もちろん、一番見ていい山、なんて言うと侃々諤々の意見が飛び交うだろうことは分かっている。
だから「一番」とか「もっとも」とは言わない。
端正な円錐型は富士山の代名詞である。
国内でも羊蹄山、岩木山、開聞岳などなど、均整のとれた立ち姿は見て美しい山の代表格と言える。
加えてこれらの山は単にその姿・形ばかりでなく、周辺風景と見事に調和することでも折紙付き。
妙にとげとげしく自己主張したりせず、さりとてほどほどに目立つところが他との調和に欠かせないようだ。

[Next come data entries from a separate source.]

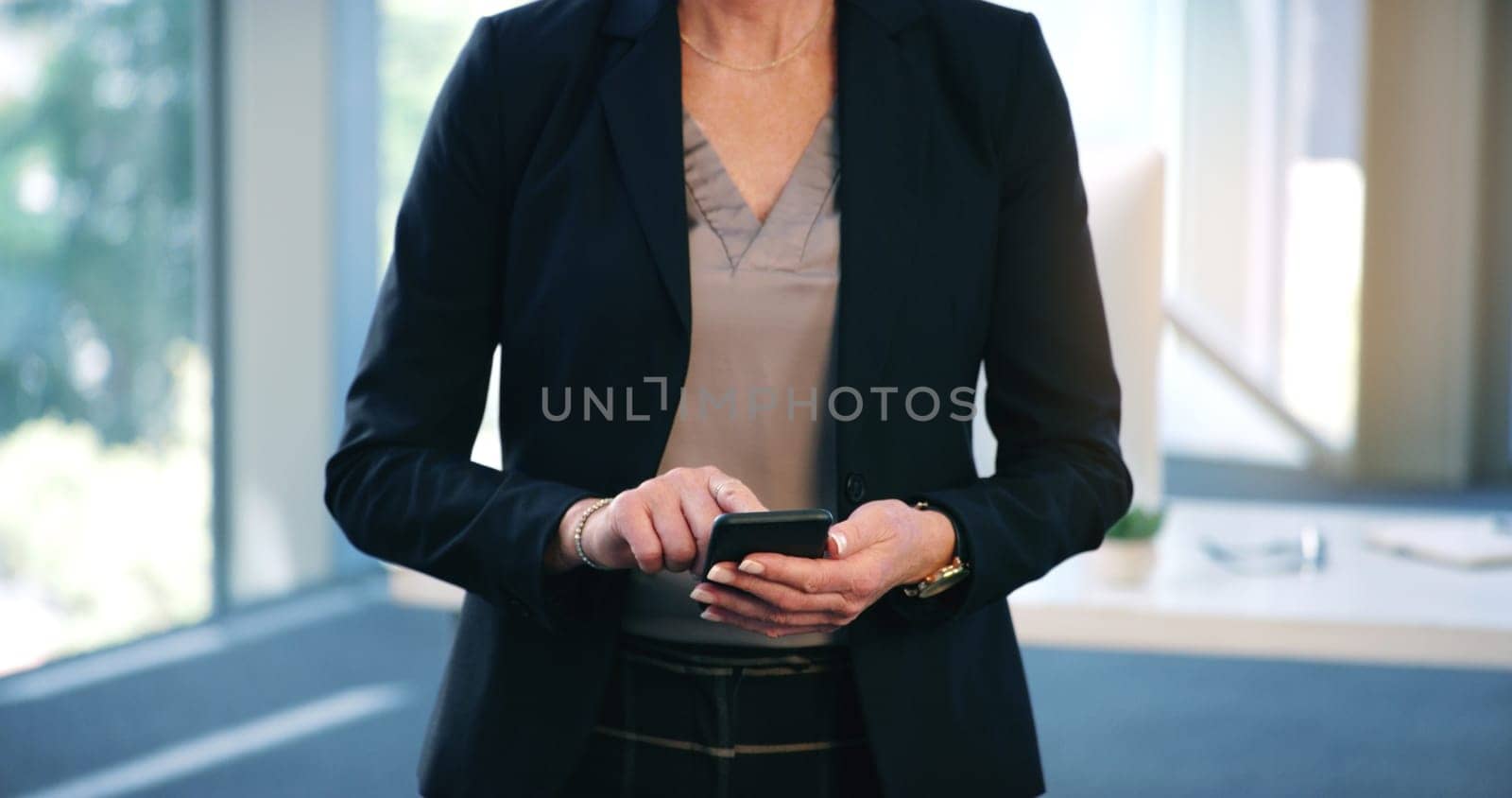 Businesswoman, hands and smartphone in office for typing, browsing and texting online with contact. Technology, connectivity and woman with cellphone for networking, social media or sales person.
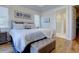 Bright and spacious bedroom with large bed and bench seating at 3522 Habenaria Rd, Mount Pleasant, SC 29466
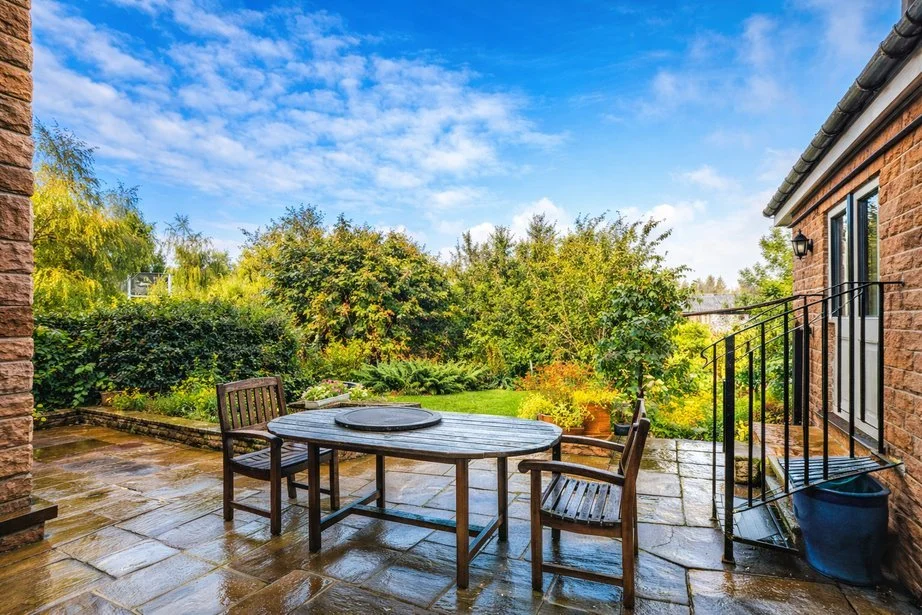 A patio with a table and chairs in the garden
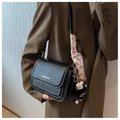 Detail of black crossbody bag with double flap, polka dot scarf, and plush charm - With Pendant / Black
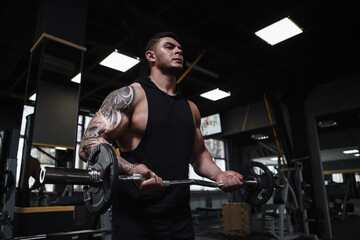 Fototapeta na wymiar Tattooed ripped weightlifter doing barbell biceps curls at gym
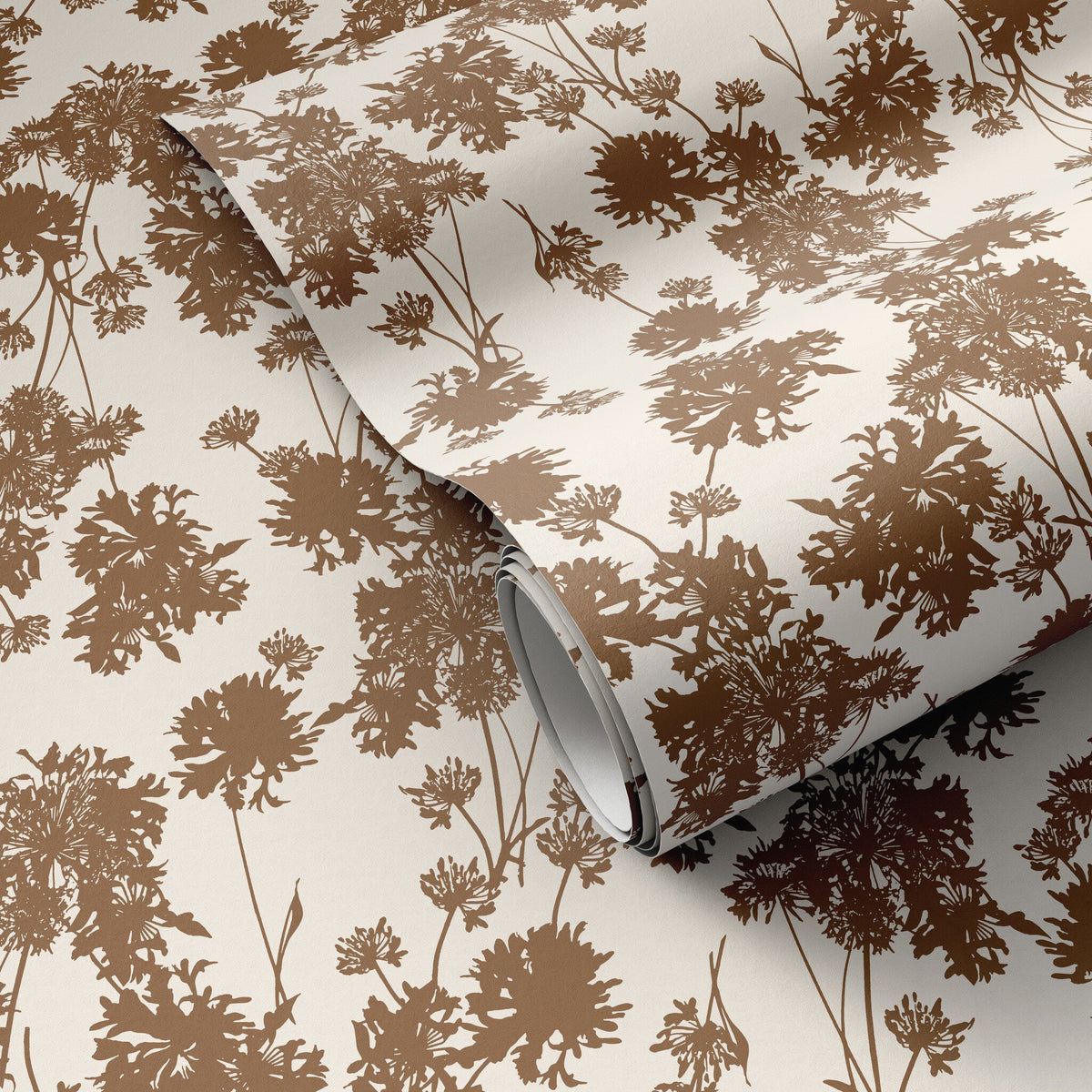 a roll of brown and white wallpaper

だって成層火山だから・・・・なんてヤボなことを言ってはいけない。
人はどっしり落ち着き、秀麗に裾野を延ばす姿に安定と安心を感じるらしい。
斯くして○○富士は全国に散らばり、地域のシンボルとなり、その数は枚挙に暇がない。
群馬にあって富士山はある種特別な羨望の対象となることがある。
平野部など県内の多くの地域では関東山地が盾となり、ほとんど富士山は見えない。
赤城・榛名など、ある程度標高のある山に登らなければ見えないのである。
だからそのような山に登ると、なに気にほとんど無意識に筆者など探したりする。
真っ先に富士山を指し示したりすれば、「ホントだー!」と感謝されたりするのだ。
毎日のように見ている地域の人達からは想像出来ないだろうな。
しかしそんな本家富士山を、筆者は決して登ろうなどとは思わない。
所詮伝え聞く範囲からの想像には違いないのだが、一生見るだけで終わる山のトップであることにもはや疑いの余地はない。
その姿同様変化に乏しい単調な登りと、人だけが往来し動植物に乏しい(っていうか森林限界以上ではほとんどない)山ではちょっと・・・・^^;
たとえ日本一の標高でも、天下一のご来光が望めようとも、その過程は筆者にとって苦痛以外の何者でもない。
筆者は何より状況の変化を楽しむ人間なのだ。
結果よりも過程が楽しいのである。
バリエーションなら1時間後、1分後、1秒後、何が起こるか分からない。
だから神経を行き渡らせ、時には全身に緊張を強いる。
それはしかし疲労でもストレスでもなく、筆者にとってワクワクドキドキの高揚感をもたらすもの。
なのに富士登山では・・・・
せめて2〜3時間で登れれば我慢も出来るが?
見ていい山、富士山。
遠くから眺めていい山、富士山。